A eleição acontece devido ao homicídio do presidente do município, Mahamudo Amurane, abatido com um tiro à queima-roupa, em Outubro de 2017 - um crime ainda sob investigação.

Amisse Cololo, candidato da Frelimo, partido no poder e Paulo Vahanle, pela Renamo, principal partido da oposição podem, assim, ser os últimos candidatos a uma eleição municipal tal como se conhece.

Quem ganhar vai ter um mandato curto, visto que as eleições autárquicas, em todo o país, estão marcadas para 10 de Outubro próximo, esperando o chefe de Estado e o líder da oposição que as novas disposições constitucionais sejam já aplicadas.

Na primeira volta do escrutínio, realizada a 24 de Janeiro, nenhum candidato teve mais de metade dos votos, caso em que a lei obriga a uma segunda volta entre os dois mais votados (Cololo conquistou 44,51% e Vahanle 40,32% dos boletins).

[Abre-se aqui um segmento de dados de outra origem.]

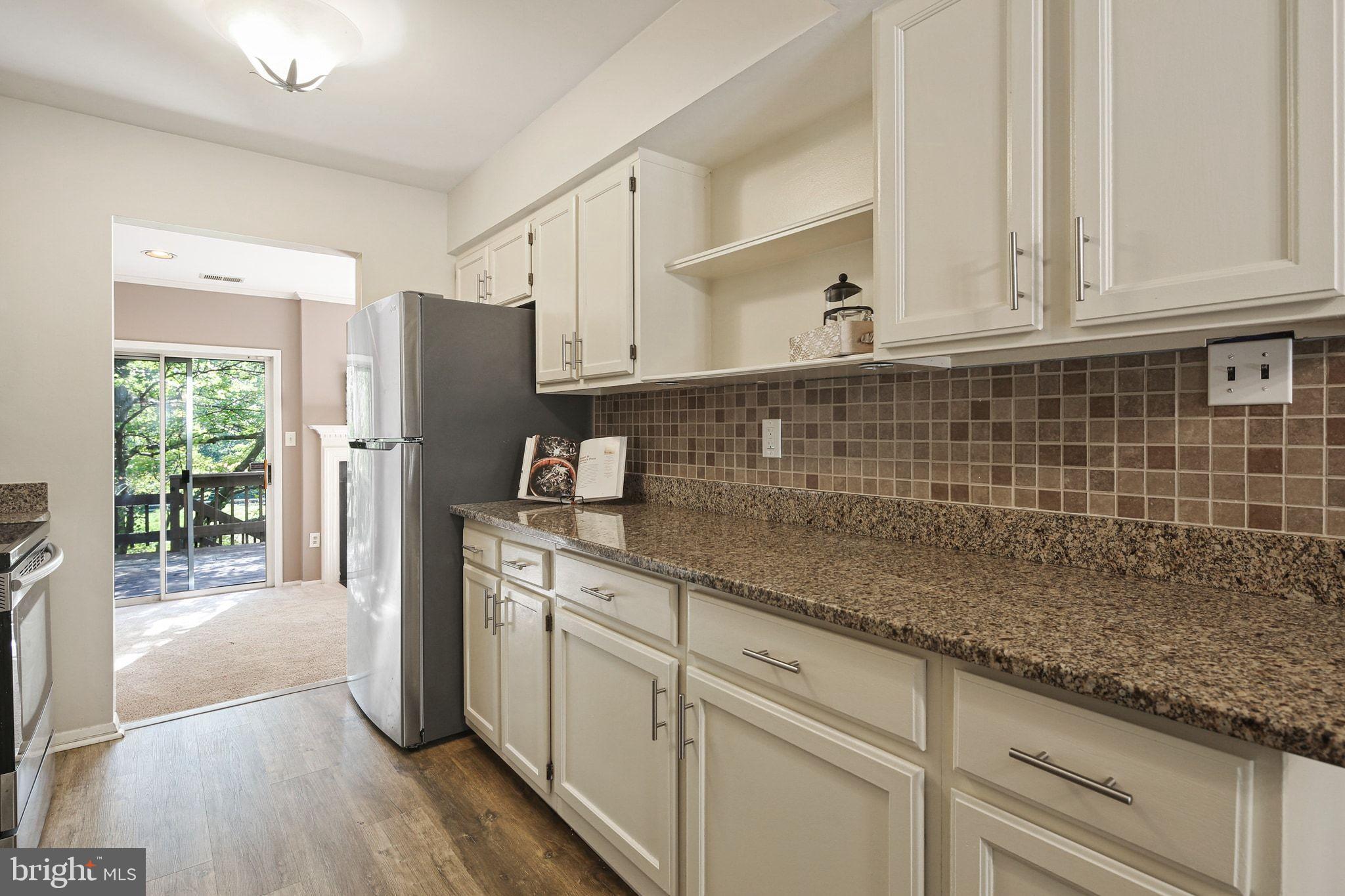 8205 Tall Trees Court Ellicott City, MD 21043 - Photo 10 of 37 .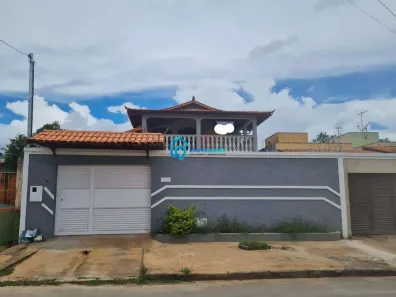 Casa com 4 Quartos à venda, 180m² no Monte Carmelo, Montes Claros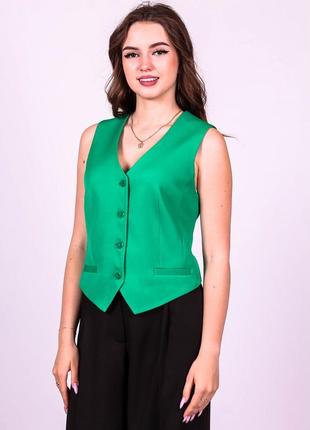 Жилетка костюмная женская зеленая модная демисезонная креп с пуговицами и карманами короткая актуаль 006, 482 фото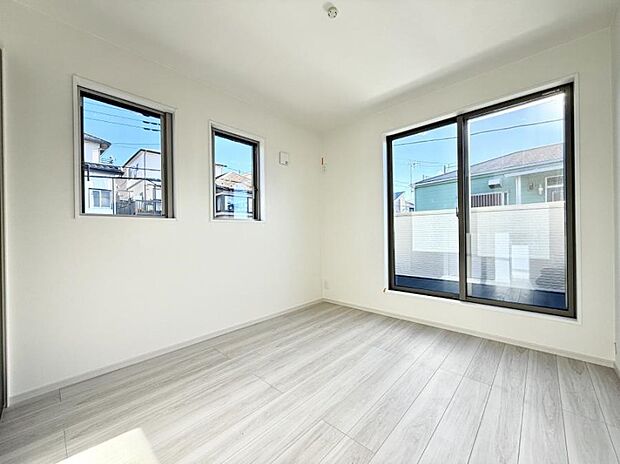 【子供部屋】■仕事や勉強のスペースに使うことで、集中しやすく静かな環境が整います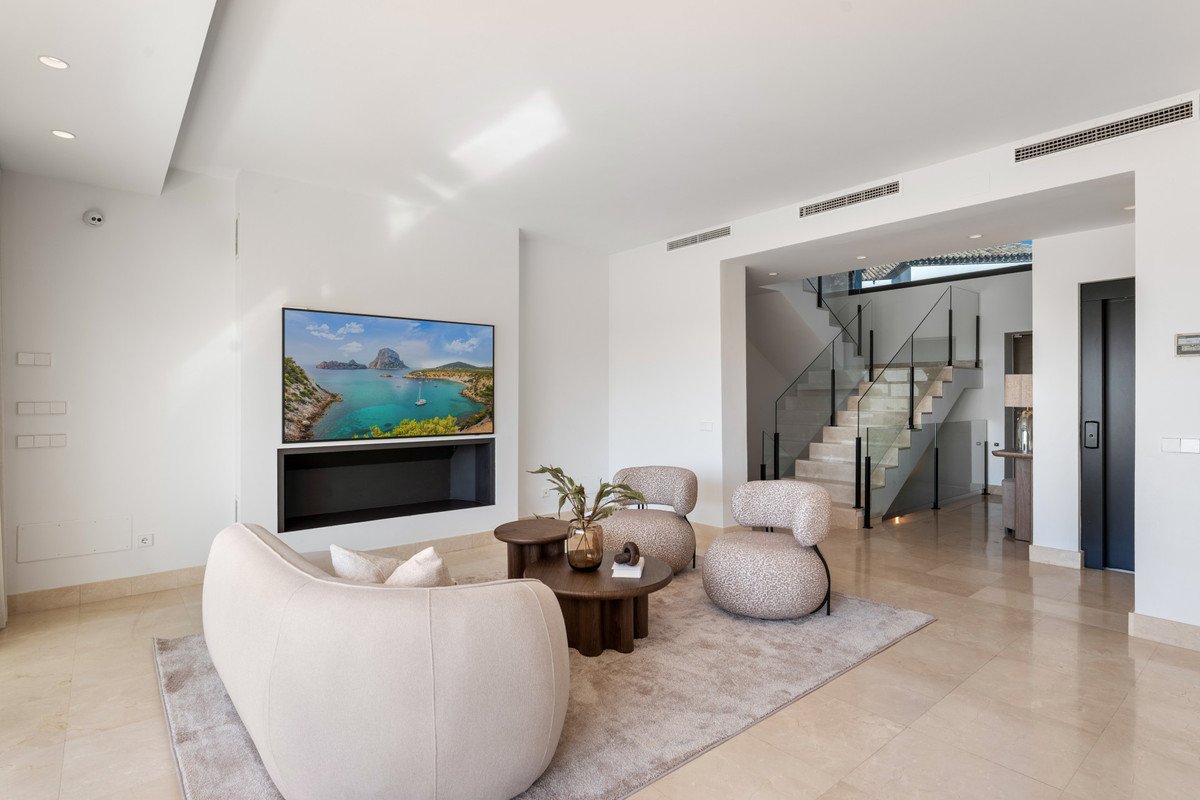 5 Bed Detached Villa in Benahavís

O Parlamento moçambicano está a discutir uma proposta do presidente da República, Filipe Nyusi, para alterar a Constituição e passar a escolha de cada autarca a ser feita a partir da lista mais votada para a assembleia municipal.

A proposta faz parte das negociações de paz com Afonso Dhlakama, líder da Renamo, que prevêem que o poder central deixe de indicar governadores provinciais e distritais, passando estes a sair das respectivas assembleias - estendendo-se o procedimento às autarquias.